The first garden cemetery, Mount Auburn, founded in 1831 near Cambridge, Mass., "became phenomenally popular within about five years," he said. "And then a trend started that is one of the most remarkable movements in landscape history. Virtually almost any city of any size, from Boston to St. Louis, established a similar kind of cemetery."

Garden cemeteries became instantly popular in mid-19th century cities; they gave visitors access to nature and a place for reflection.

"People really were feeling quite overwhelmed by cities," Sachs said. "The overcrowding and modern bustle of factories, people were just not used to and were looking for ways to escape that -- and cemeteries began to fill that need."

Mount Auburn, Laurel Hill in Philadelphia, Green-Wood in Brooklyn and other cemeteries "attracted all kinds of people from all classes," Sachs said. "We have records of workers from the mills going, and visitors from other cities, other states, other countries would seek out these places" -- often to visit the graves of famous people, "but more importantly, to experience this place as a landscape, a rural enclave in the midst of a city."

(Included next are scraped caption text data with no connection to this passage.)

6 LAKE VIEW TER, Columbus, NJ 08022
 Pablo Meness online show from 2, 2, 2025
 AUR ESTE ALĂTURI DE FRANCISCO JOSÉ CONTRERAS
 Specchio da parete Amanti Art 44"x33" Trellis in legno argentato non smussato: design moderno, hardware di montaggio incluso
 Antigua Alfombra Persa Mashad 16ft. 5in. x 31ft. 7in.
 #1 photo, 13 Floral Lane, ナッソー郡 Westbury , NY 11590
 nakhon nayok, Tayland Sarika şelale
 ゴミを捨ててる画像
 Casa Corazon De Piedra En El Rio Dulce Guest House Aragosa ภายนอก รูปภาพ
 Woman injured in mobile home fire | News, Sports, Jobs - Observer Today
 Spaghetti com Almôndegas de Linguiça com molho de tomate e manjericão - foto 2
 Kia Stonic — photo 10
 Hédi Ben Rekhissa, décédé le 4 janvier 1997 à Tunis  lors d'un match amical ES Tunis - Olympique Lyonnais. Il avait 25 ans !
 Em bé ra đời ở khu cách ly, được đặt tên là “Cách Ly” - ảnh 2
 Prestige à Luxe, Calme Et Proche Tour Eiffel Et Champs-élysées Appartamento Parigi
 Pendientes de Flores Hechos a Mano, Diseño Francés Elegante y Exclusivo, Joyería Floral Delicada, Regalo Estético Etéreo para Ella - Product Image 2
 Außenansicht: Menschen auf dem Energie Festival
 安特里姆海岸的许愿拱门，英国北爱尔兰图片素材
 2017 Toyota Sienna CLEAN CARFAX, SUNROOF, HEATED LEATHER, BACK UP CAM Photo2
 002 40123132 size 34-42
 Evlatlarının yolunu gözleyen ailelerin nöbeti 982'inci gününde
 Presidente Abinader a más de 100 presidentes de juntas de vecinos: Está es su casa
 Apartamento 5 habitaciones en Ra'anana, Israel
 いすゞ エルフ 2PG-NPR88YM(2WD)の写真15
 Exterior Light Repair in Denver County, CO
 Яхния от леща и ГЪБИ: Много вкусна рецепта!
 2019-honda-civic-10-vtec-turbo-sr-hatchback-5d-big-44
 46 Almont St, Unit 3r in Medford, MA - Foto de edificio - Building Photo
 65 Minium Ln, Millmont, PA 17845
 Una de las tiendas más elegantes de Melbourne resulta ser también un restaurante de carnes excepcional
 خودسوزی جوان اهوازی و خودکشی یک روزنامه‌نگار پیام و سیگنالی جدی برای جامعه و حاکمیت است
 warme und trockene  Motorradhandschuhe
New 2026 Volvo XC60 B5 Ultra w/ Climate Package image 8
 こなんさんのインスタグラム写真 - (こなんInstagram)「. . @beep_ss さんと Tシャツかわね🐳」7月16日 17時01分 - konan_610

Proper urban parks, including Central Park in Manhattan, soon followed in the wake of their success. "By the 1840s and '50s, the observers of this trend started to say, clearly, we need parks. We don't have a need for more cemeteries, we should build a straight-up park," Sachs said.

"One of the things I love about these cemeteries is ... [they] were obviously shaped and designed artfully, but were designed in such a way that you were meant to get lost," Sachs said. "You literally wander around in circles. That in itself is a kind of wildness."

At that time in history, he said, death "was something that people talked about in a public way. The cemeteries were important public landscapes and reminders that we all share mortality."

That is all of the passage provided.